I was thinking to do a live video tour one day... anyone interested?


----------



## 99Limited (Jul 8, 2011)

JBroida said:


> ... I was thinking to do a live video tour one day... anyone interested?



That would be cool.


----------



## apicius9 (Jul 8, 2011)

I was just looking into flights to Germany over Christmas, and I am thinking about taking the one with a 10h layover in LA... We'll see.

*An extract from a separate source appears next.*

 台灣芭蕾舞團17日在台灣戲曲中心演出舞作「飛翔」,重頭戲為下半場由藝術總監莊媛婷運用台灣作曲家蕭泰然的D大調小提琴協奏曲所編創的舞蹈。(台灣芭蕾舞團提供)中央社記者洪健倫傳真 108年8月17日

Definitely interested in a virtual tour.

Stefan


----------



## JBroida (Jul 8, 2011)

Alright... i'll see what i can put together


----------



## bishamon (Jul 8, 2011)

It looks like you have some of your in-laws pottery for sale?


----------



## JBroida (Jul 9, 2011)

indeed


----------



## bishamon (Jul 9, 2011)

But I thought he wouldn't sell to people because they didn't know enough about pottery, lol.


----------



## JBroida (Jul 9, 2011)

it wasnt the easiest to get him to agree to it... we started by convincing my mother-in-law


----------



## echerub (Jul 9, 2011)

Any way those of us who can only visit electronically can see what potteryware (is that a word?) is available?


----------



## JBroida (Jul 9, 2011)

sadly, for the time being, we will not be selling any of the pottery online or through the mail... it will only be in store. However, i'd be happy to take some pictures and send them to you. Let me know if you'd like that.


----------



## geezr (Jul 10, 2011)

JBroida said:


> it wasnt the easiest to get him to agree to it... we started by convincing my mother-in-law



Hi Jon - your store pics look like an art shop that has kitchen knifes - :beer:


----------



## JBroida (Jul 11, 2011)

thats what we were going for... we even have tea for customers that stop by


----------



## rockbox (Jul 11, 2011)

Too bad my layover in LA is so late in the evening two Saturdays from now or I would come on by the store.


----------



## JBroida (Jul 11, 2011)

how long are you going to be here for?


----------



## rockbox (Jul 11, 2011)

I think like 5 hours


----------